Current recommended treatment for active TB comprises a minimum of six months antibiotic treatment, with isoniazid and rifampicin being the front-line agents (others include ethambutol, streptomycin and pyrazinamide). An M. tuberculosis strain resistant to both these agents is termed multidrug-resistant (MDR), with or without resistance to other antimicrobials (Sharma and Mohan, 2006). A recent report by the WHO and the International Union Against Tuberculosis and Lung Disease (IUATLD) (WHO/IUATLD Report, 2004) suggests the prevalence of multidrug-resistant TB (MDR-TB) in participating countries was 1.1% for new cases and 7% for previously treated cases.

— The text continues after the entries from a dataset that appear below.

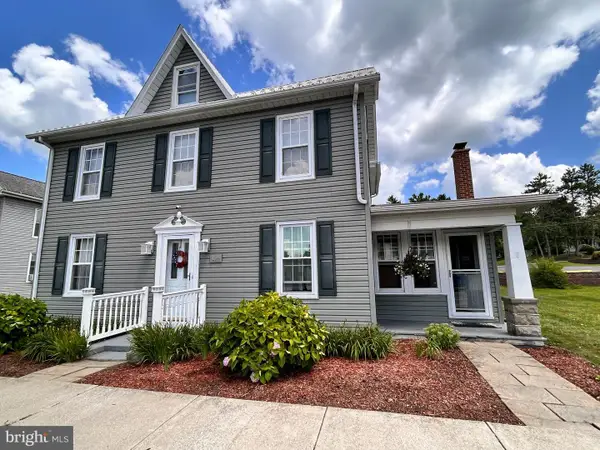 114 N Pennsylvania Ave, CENTRE HALL, PA 16828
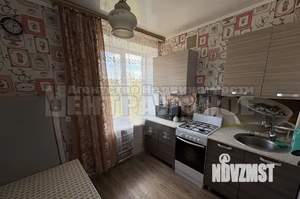 1-к квартира, вторичка, 33м2, 6/9 этаж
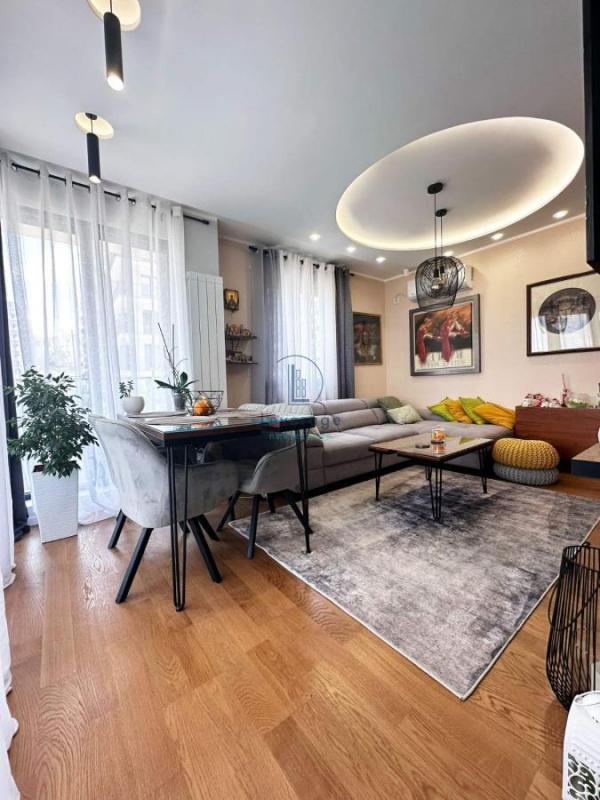 Slika 4 - Slanački put, Trosoban stan na prodaju, 65m2, 208.000€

MDR-TB requires treatment with second generation antibiotics that are less effective and more toxic. A relatively recent and worrying development is the emergence of ‘extremely-drug-resistant TB' or XDR-TB (with resistance to three or more of the six classes of second-line antibiotics), with a fresh and the largest ever outbreak of XDR-TB reported in Kwa Zulu-Natal Province of South Africa (Cohen, 2006). XDR-TB has been identified in almost all regions of the world with high prevalence in Asia and Eastern Europe.

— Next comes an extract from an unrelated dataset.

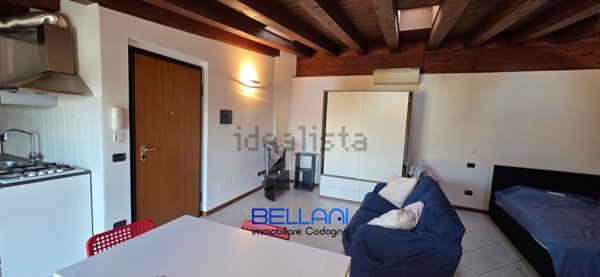 appartamento in vendita a Codogno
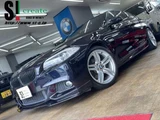 2012 BMW 5 Series 523i M Sport Sedan for sale, Japanese used car export - photo 1 of 9 | GULJI TRADERS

While several new TB vaccines are in the pipeline, the recent upsurge in TB research has also attracted considerable attention in the arena of new antibiotic development, as well as the discovery of new drug targets (Zhang et al, 2006). Andries et al (2005) have made a promising new development in the front of antibiotic development, and have identified a diarylquinoline (DARQ), R207910, that potently inhibits both drug-sensitive and drug-resistant M. tuberculosis in vitro (minimum inhibitory concentration 0.06 mg/ml). In mice, R207910 exceeded the bactericidal activities of isoniazid and rifampin by at least 1 log unit. Other promising candidates include new fluoroquinolones, rifamycin derivative (such as rifapentine, rifabutin and rifalazil), oxazolidinones and nitoimidazopyran. Even some anti-fungals are being considered for TB therapy; for example, azoles, phenothiazines and riminophenazine derivatives like clofazimine show good anti-TB activity are good candidates for further evaluation (Zhang et al, 2006). However, considering that no new antibiotic against TB has been introduced for almost past 40 years, and one of the most favourite drugs, R207910, is only in Phase 2 clinical trials, it may be some time before we see another new drug in the clinic.